NEW YORK -- Investing in overseas stocks has been like a whirlwind trip abroad for U.S. investors the past few years. Now the journey has ended, at least temporarily, with a lesson in market forces.
Once high-flying markets like China and India are now feeling some of the same strains that are dogging Wall Street. Concerns about an economic slowdown have popped up worldwide and that means U.S. investors looking to put down money overseas probably need to be more selective.
Overseas holdings have had an allure for investors like Alexis Doyle, who likes them simply because there can be stronger returns outside the United States. Doyle, an educator who lives in New York, looks for "good value regardless of geography."
And she's not daunted by the recent upheaval around the globe -- she thinks other countries can at times make her more money than the U.S. will.
"Basically, what the feds are doing is cutting interest rates aggressively so you have to find higher interest rates elsewhere," she said, referring to recent decisions by Federal Reserve policymakers to lower interest rates to stimulate the U.S. economy. While lower rates can be good news for some people with credit card debt or for those seeking loans, it means the interest earned on investments including savings accounts and bonds will likely decrease.
But investors searching abroad for deals will find many regions have fared worse than the U.S. in recent months.

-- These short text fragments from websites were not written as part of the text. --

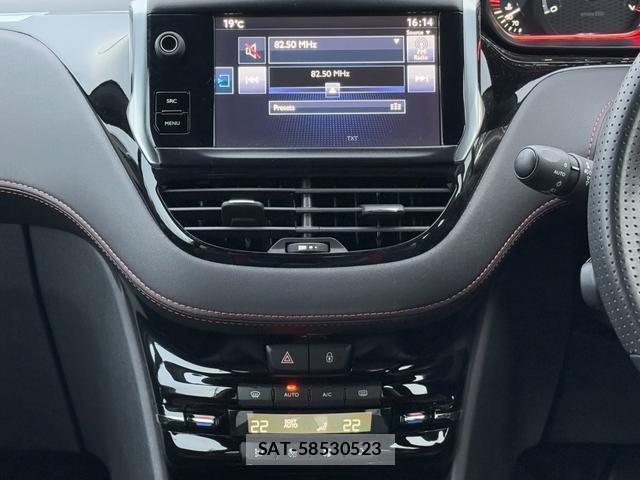 Peugeot 208 2016-06 7808755-18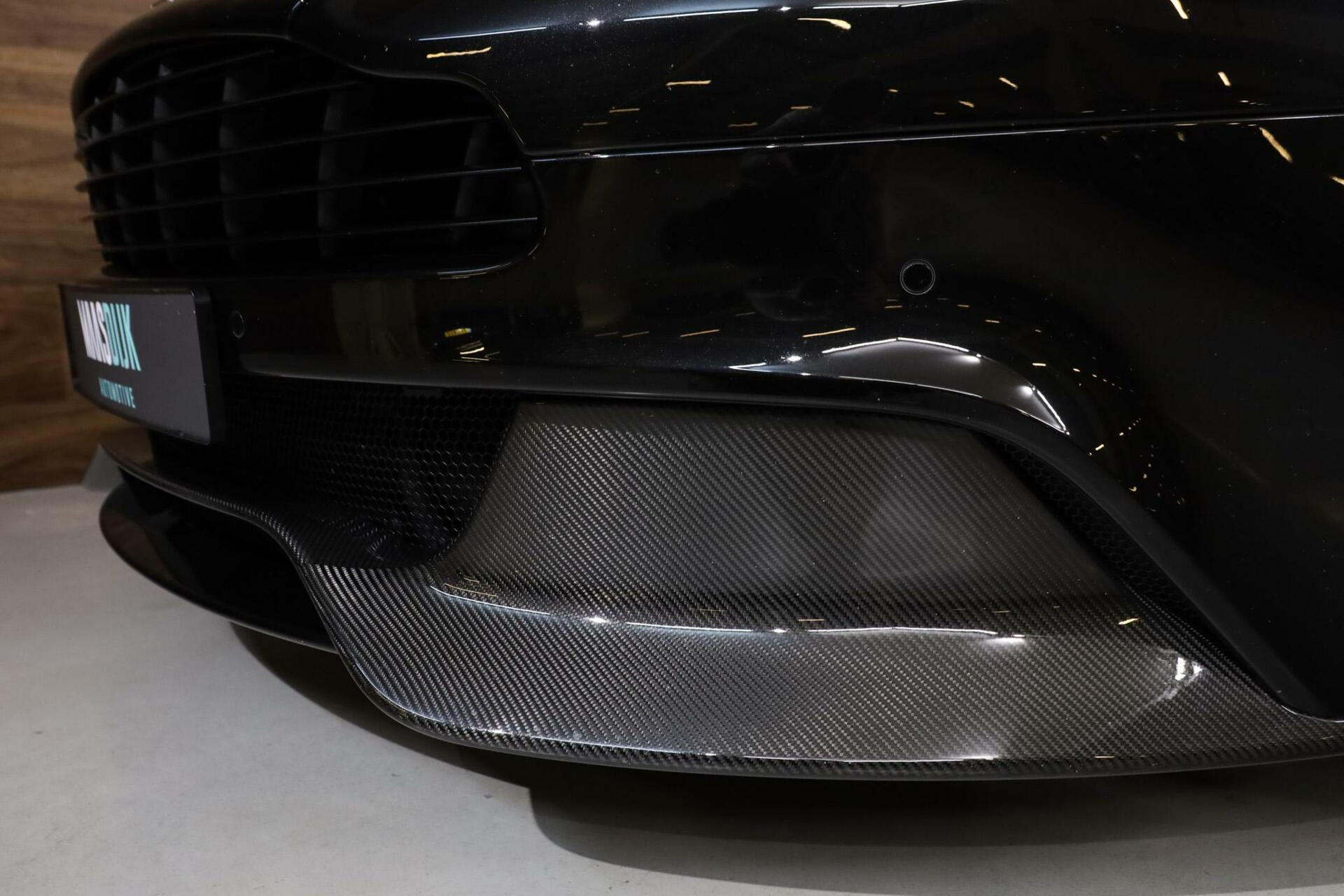 Hoofdafbeelding Aston Martin V12 Vanquish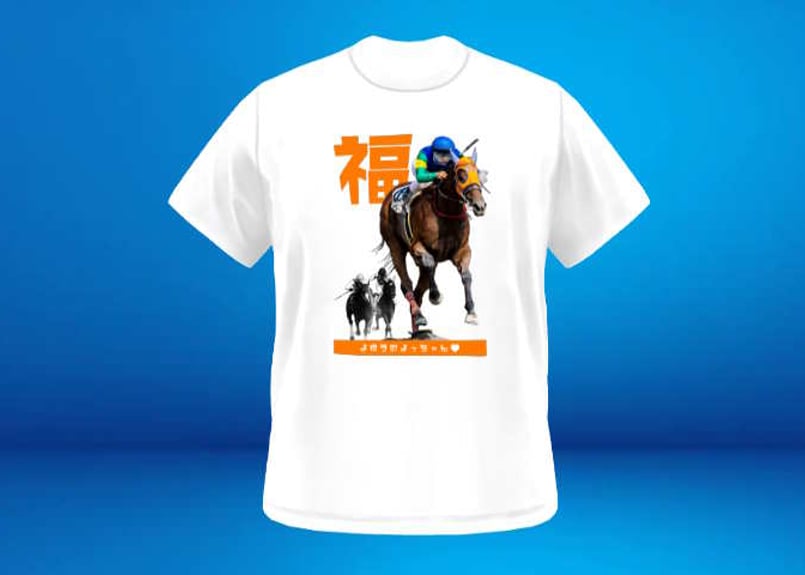 ドコフクカゼ初勝利記念Tシャツ | 片目のサラブレッド福ちゃん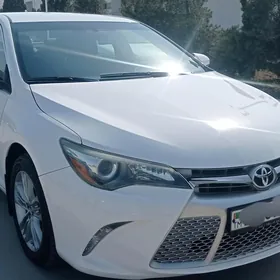 Toyota Camry 2016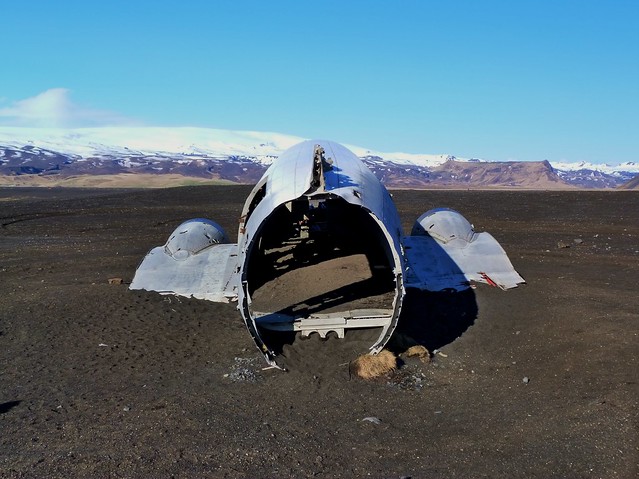 Avión abandonado en una playa de Islandia
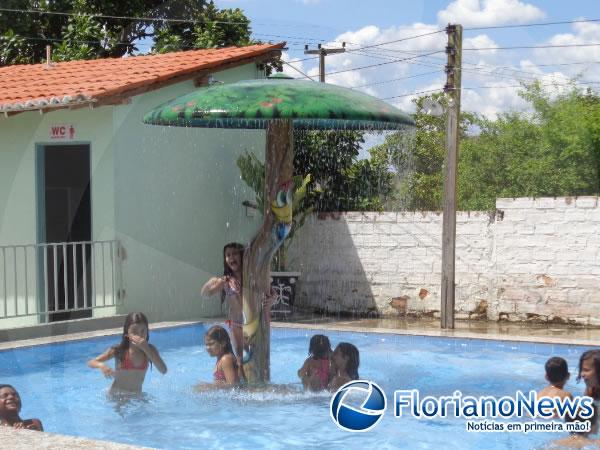 Docentes da rede privada comemoraram o Dia do Professor em manhã de lazer.(Imagem:FlorianoNews)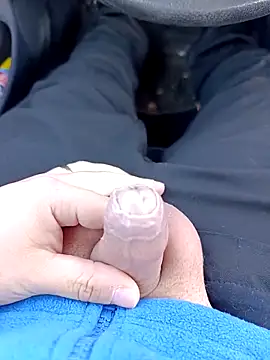 Snapshot of AlcorMad chatting on 01/19/26, 11:03 AlcorMad online show from 01/19/26, 11:03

Global markets have pulled back in March after gaining some ground in February and showing sizable losses in January, according to Standard & Poor's. In China, stocks are off by about one-third this year. Other developing countries that have been a favorite of U.S. investors, like India, Russia and Brazil, have also shown big declines in 2007, while in the U.S., the S&P 500 is down about 8 percent.
Geoffrey Pazzanese, co-manager of the Federated InterContinental fund, which has more than $900 million in assets, said that while volatility in one market can cause ripples in another, the correlations tend to disappear over longer periods. He still recommends that most U.S. investors have about 20 percent to 25 percent of their holdings in international investments.
These days, however, it's important to do some digging before investing.
"You need to pick your markets," Pazzanese said. Investors considering investing in a country should examine long-term themes like demographic shifts, the availability of natural resources and other large forces that shape economies.
"Look first for emerging markets that are growing attractively and that are having a sustainable growth pattern and attractive valuations. You have to just do your homework."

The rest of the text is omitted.